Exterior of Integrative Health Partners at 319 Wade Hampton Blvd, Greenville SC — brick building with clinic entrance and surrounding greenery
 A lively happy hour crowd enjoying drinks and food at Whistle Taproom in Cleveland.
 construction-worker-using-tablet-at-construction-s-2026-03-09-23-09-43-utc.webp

- _Exercise details_
Return the whole listing exactly as it reads.

- _Exercise answer_
Exterior of Integrative Health Partners at 319 Wade Hampton Blvd, Greenville SC — brick building with clinic entrance and surrounding greenery
 A lively happy hour crowd enjoying drinks and food at Whistle Taproom in Cleveland.
 construction-worker-using-tablet-at-construction-s-2026-03-09-23-09-43-utc.webp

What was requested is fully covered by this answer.